The commissioning of the nation’s Apache attack helicopters is a critical step in equipping the armed forces to mount a “multiple deterrence” strategy in the event of an enemy invasion, President Tsai Ing-wen (蔡英文) said yesterday.

Presiding over a ceremony that saw the commissioning of 29 Apaches into the Taoyuan-based Army Aviation and Special Forces Command, Tsai said the new helicopters would play an important role in the military’s “multiple deterrence, resolute defense” strategy.

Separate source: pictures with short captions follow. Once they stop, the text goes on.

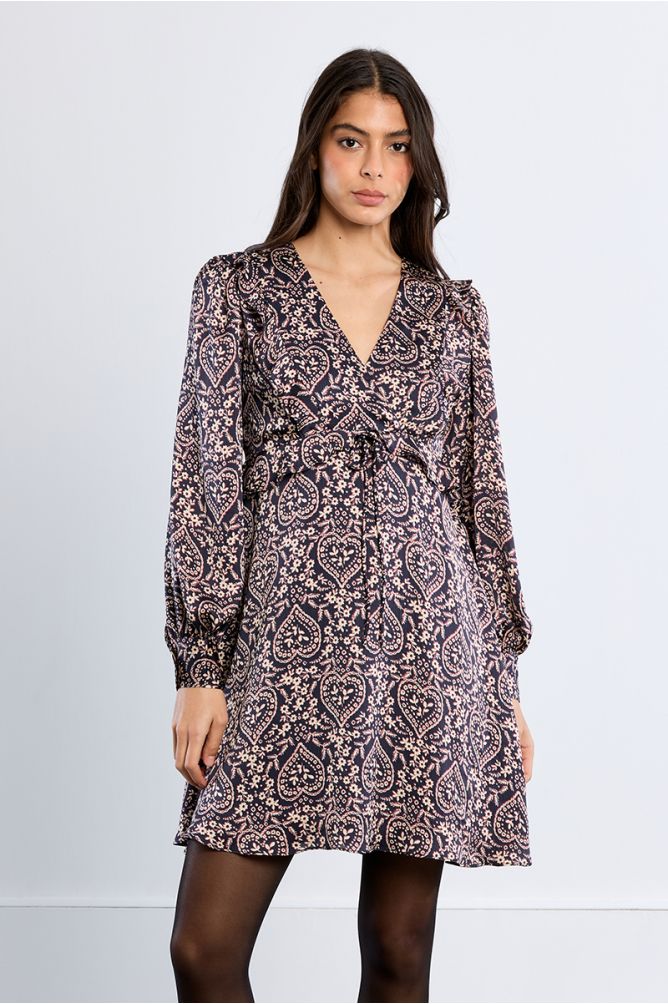 Vestido corto de manga larga con estampado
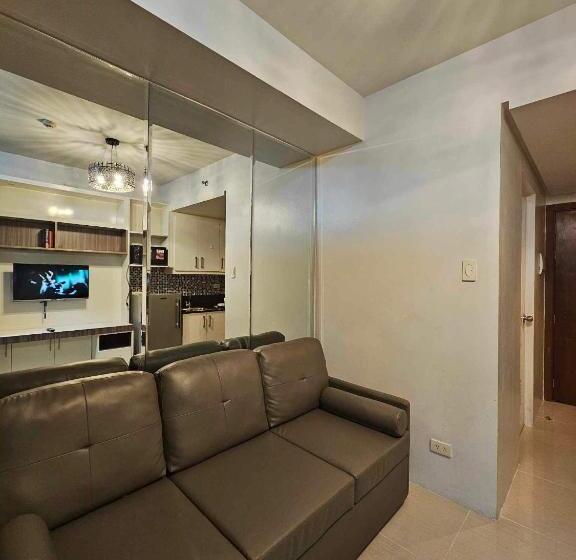 דירת חדר נוף לבריכה, Cozy Staycation At Shell Residences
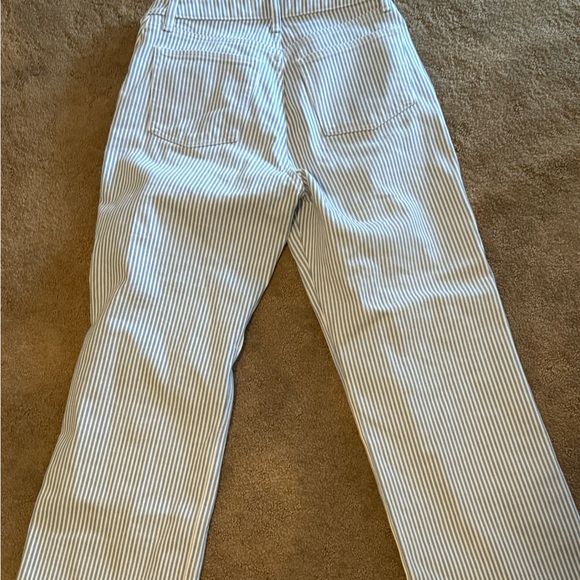 Abercrombie Curve Love High Rise 90s Relaxed Jean Blue Stripe - Picture 4 of 4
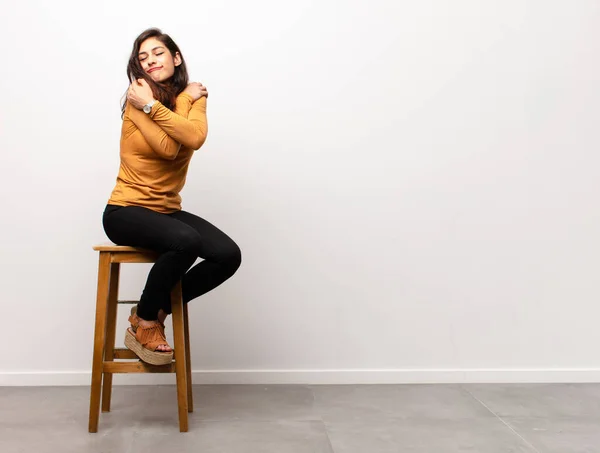 Jonge Mooie Vrouw Glimlachen Met Een Positieve Succesvolle Gelukkige Houding — Stockfoto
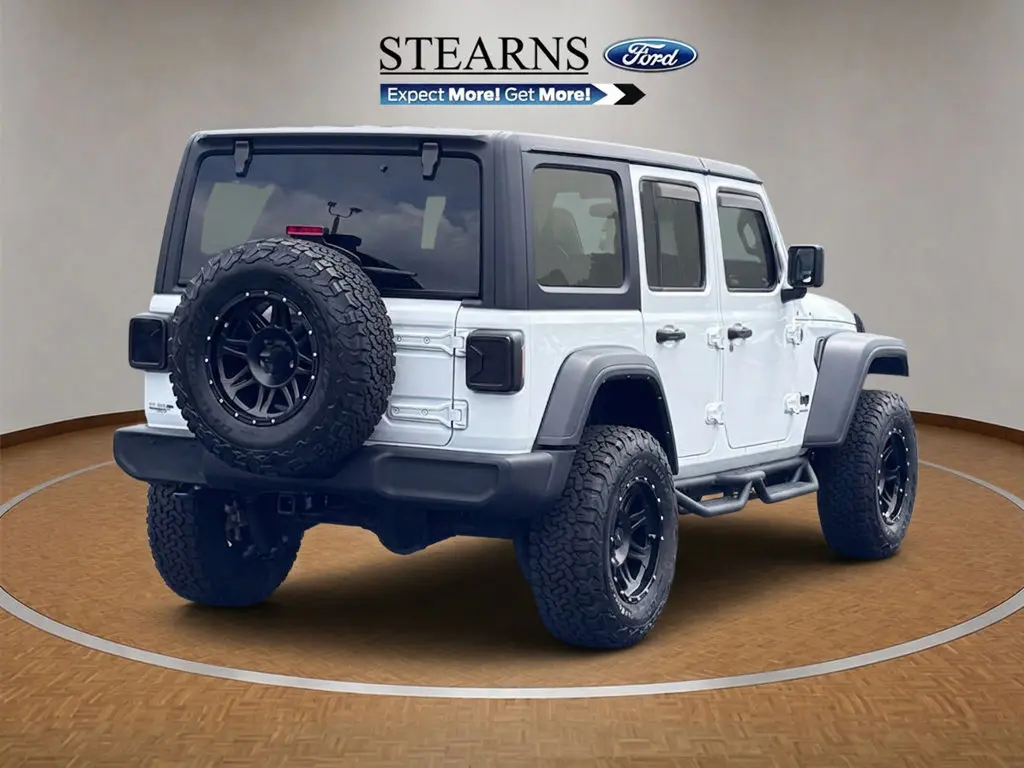 2024 Jeep Wrangler - $30,000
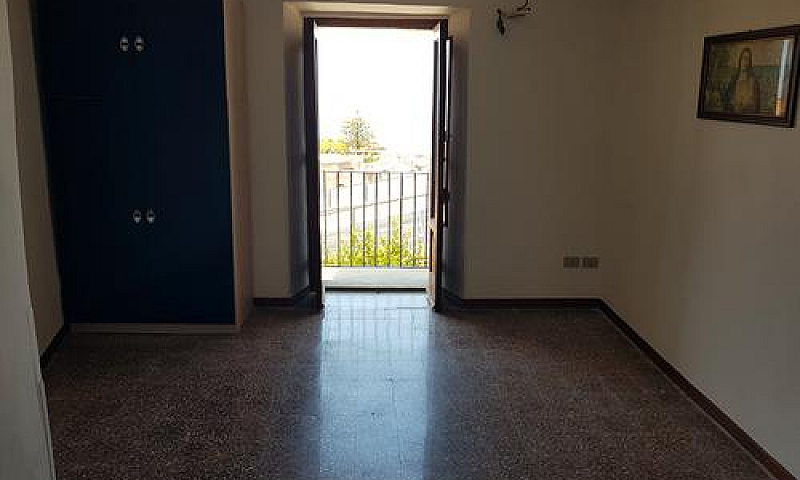 Trilocale In Centro ...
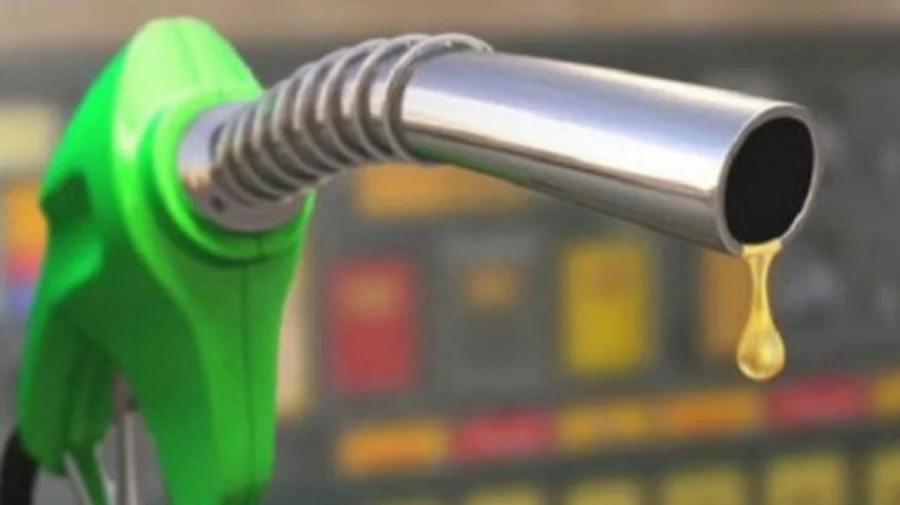 খুলনায় ৭ হাজার লিটার পেট্রোলসহ তেলবাহী লরি আটক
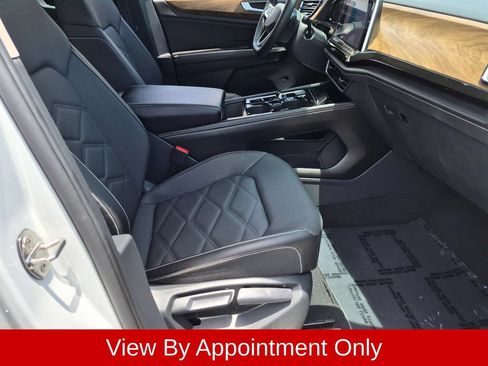 Used 2025 Volkswagen Atlas SE FWD image 30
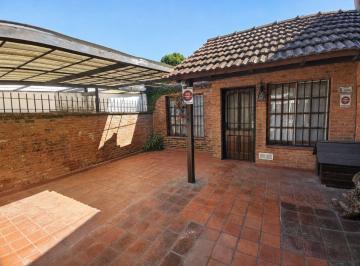 PH · 65m² · 2 Ambientes · 1 Cochera · Venta PH 2 Amb Jardin Coch en Ituzaingó - Financia
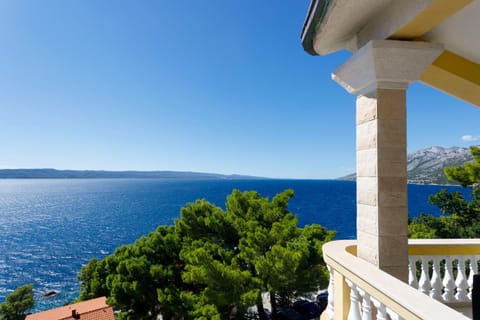 Apartments Beach Side Brela Apartment in Brela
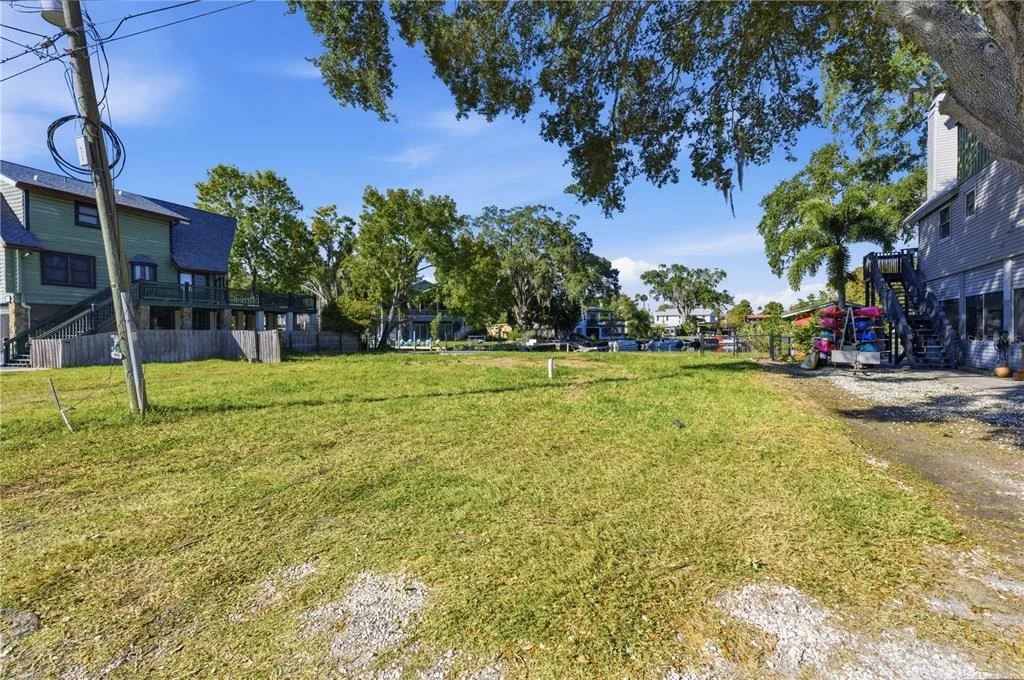 Photo of 00 CIRCLE DRIVE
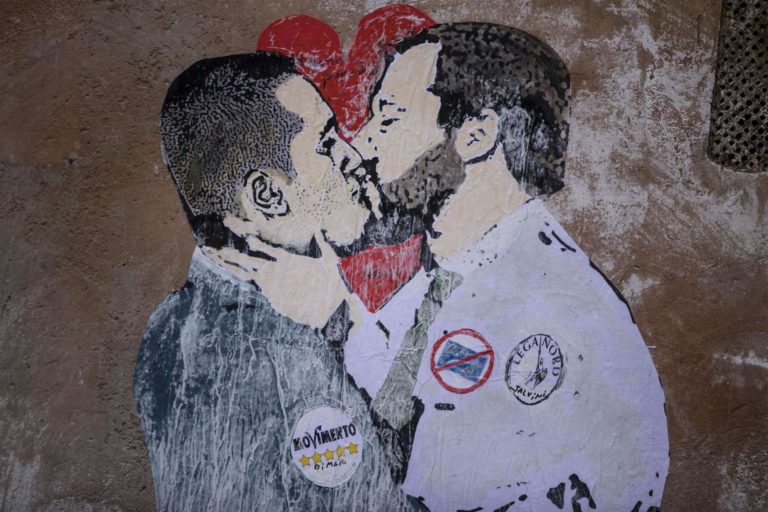 Tira il bacio Di Maio-Salvini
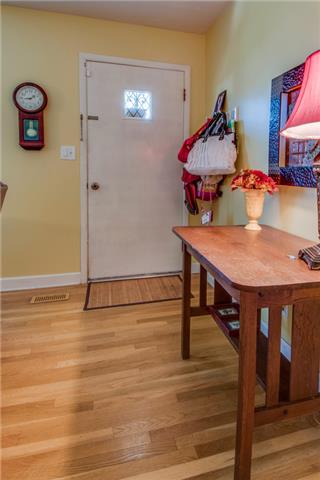313 Gates Road Goodlettsville, TN 37072 - Photo 4 of 19 The entryway is spacious enough for a console table, perfect for holding your keys, mail, or welcome decor.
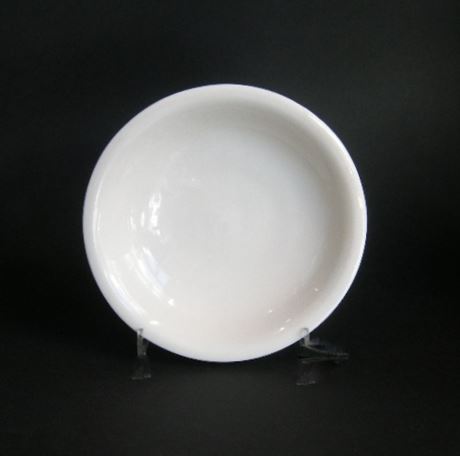 Blue White : small dish blanc de Chine Porcelain  small mark illegible back  -  late Ming Around 1630/1640  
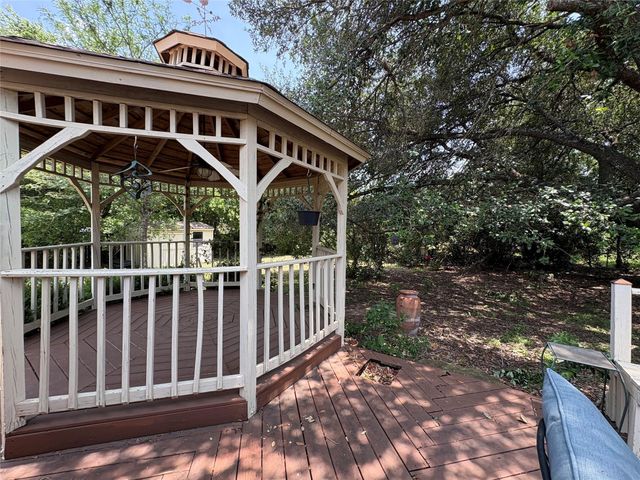 1404 Cedar Park DR, Cedar Park, TX 78613
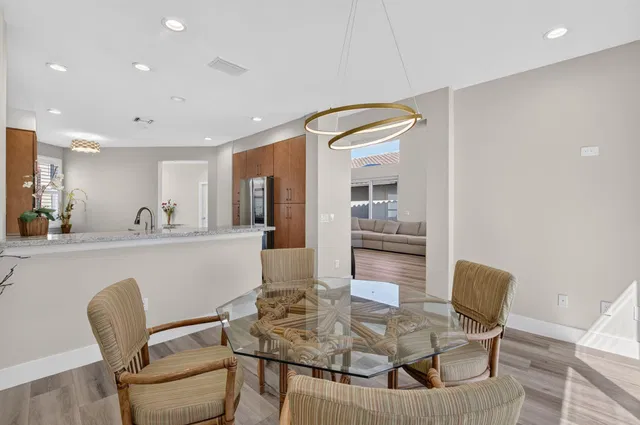 Residence photo 15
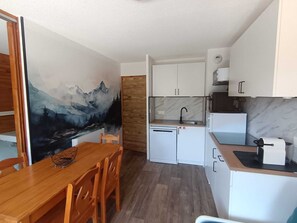 Private kitchen - Apartment for 4–6 people – 100 m from the CENTER STATION – ESF – at the base of the slopes (Valmeinier)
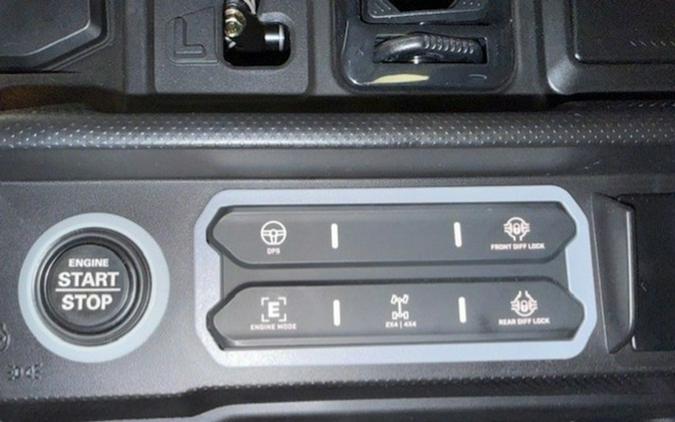 2026 Can-Am Defender XT CAB HD11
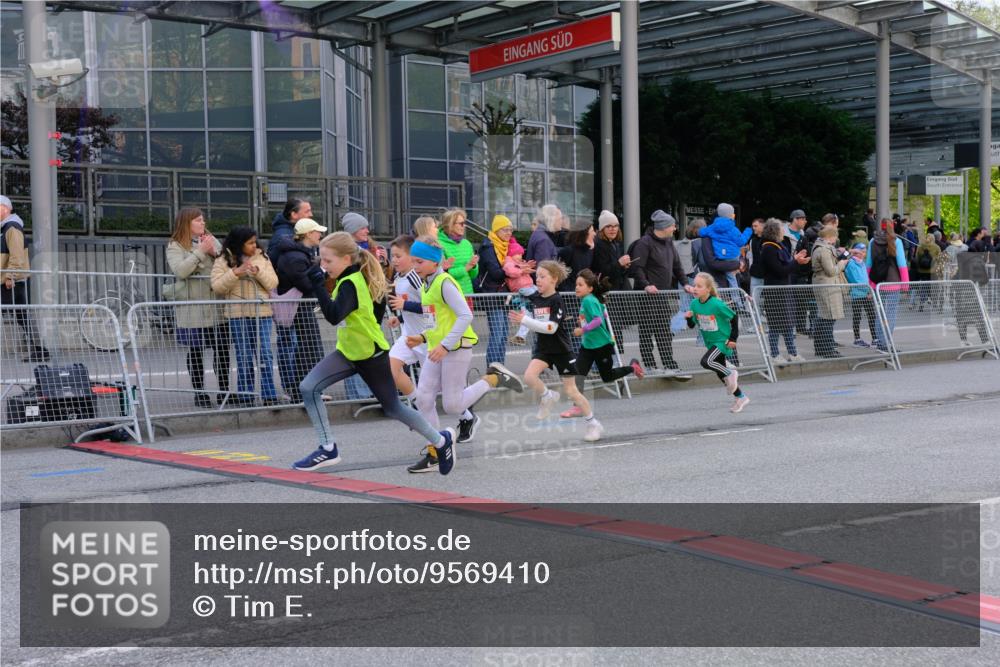 25.04.2026 - Das Zehntel Tim E. http://msf.ph/oto/9569410 25.04.2026 08:57:33 Ziel 1455, 1668, 1673, 1754, 1757, 1819, 1938, 1967, 1972, 2280, 2288, 2289, 2416, 2423, 2566, 2773, 2790, 2853, 3179, 3187, 3224, 3276, 3344, 3466, 3473, 3499, 3795, 3898, 4029 meine-sportfotos.de
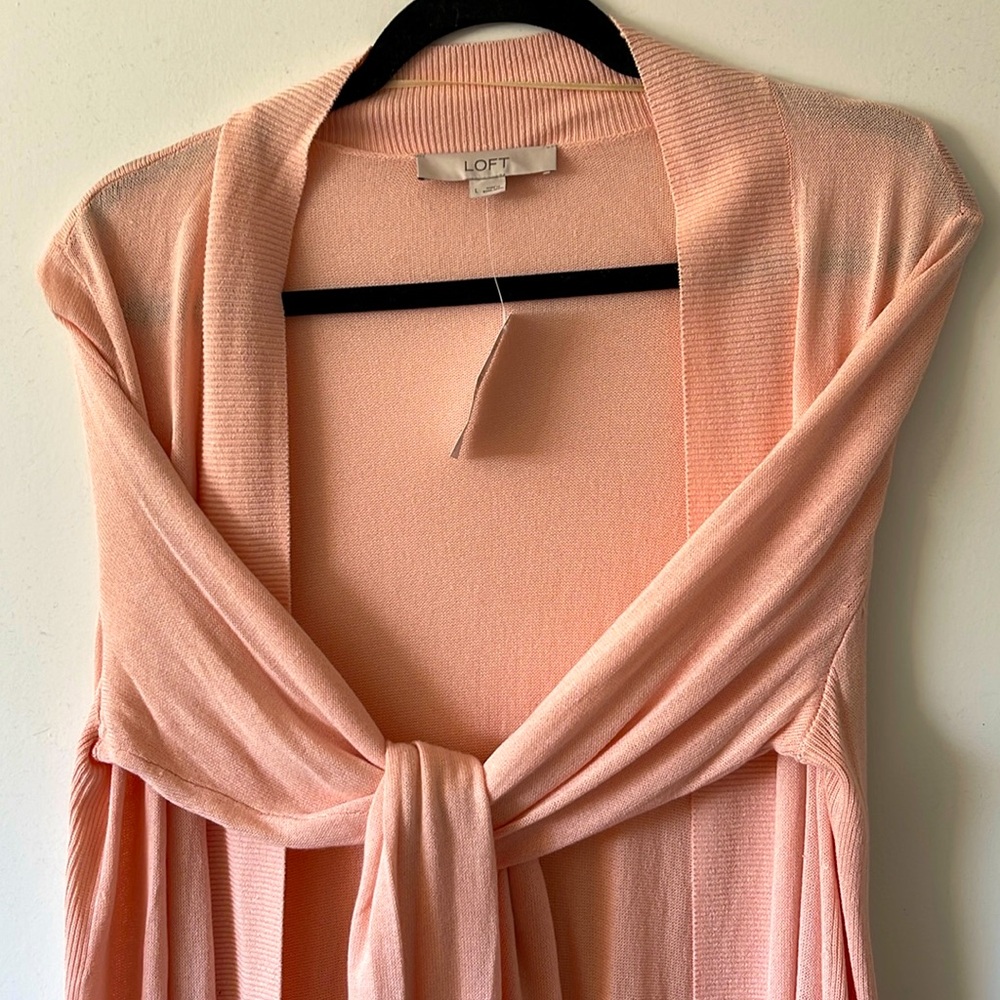 Loft-light weight pink/peach sweater.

“The commissioning of the helicopters is an important milestone in boosting the ROC Armed Forces’ combat readiness. The government will fully support the military to follow up and further enhance the helicopters’ capabilities,” Tsai said.

“Multiple deterrence” means having the ability to attack and defend on various fronts and prevent enemy forces from entering Taiwan by air, land or sea, according to the Ministry of Defense.

Taiwan originally purchased 30 Apache helicopters from the US in 2008 for NT$59.31 billion (US$1.94 billion at the current exchange rate), in a deal that included personnel training and logistics.

The Taiwanese military was the first force outside the US to use the latest variant of Boeing’s Apache AH-64, which was delivered to the nation between November 2013 and October 2014.

Boeing describes it as “the world’s most advanced multi-role combat helicopter” and it has been sold to countries including Japan and the UK.

One of the helicopters was wrecked in a crash during a training flight in Taoyuan in April 2014. The other 29 have been allocated to the command’s 601st Brigade.

Tsai said it took four years and nine months for the army to complete the required training for its pilots, ground crews and logistics personnel and to build the necessary infrastructure.

A qualified Apache pilot requires 84 weeks of training and 300 flight hours, she added.

Also attending the 601st Air Cavalry Brigade’s full combat readiness ceremony yesterday were representatives from the American Institute in Taiwan, Boeing Co, the Japan-Taiwan Exchange Association and the South Korean Representative Office in Taipei, as well as retired Japanese Self-Defense Forces major general Kinz Watanabe.

Despite previous reports that active service officers of the US Army 25th Combat Aviation Brigade would attend the ceremony, none were present.

The AH-64E, also known as the “tankbuster” or “tank killer,” is equipped with powerful target acquisition radar capable of 360-degree operation to a range of 8km.

The radar system can track over 128 targets simultaneously and identify the 16 most dangerous ones, as well as being equipped with 16 Hellfire missiles that can be deployed in less than 30 seconds, according to the command.

Army Major Yang Yun-hsuan (楊韻璇) was introduced at the ceremony. Yang, the only female Apache pilot in Asia, said her father had been a UH-1H helicopter pilot, which inspired her to follow the same path.

Beijing is incensed by recent warming moves between Washington and Taipei. These include approval by the US State Department of a preliminary licence needed to sell submarine technology to Taiwan.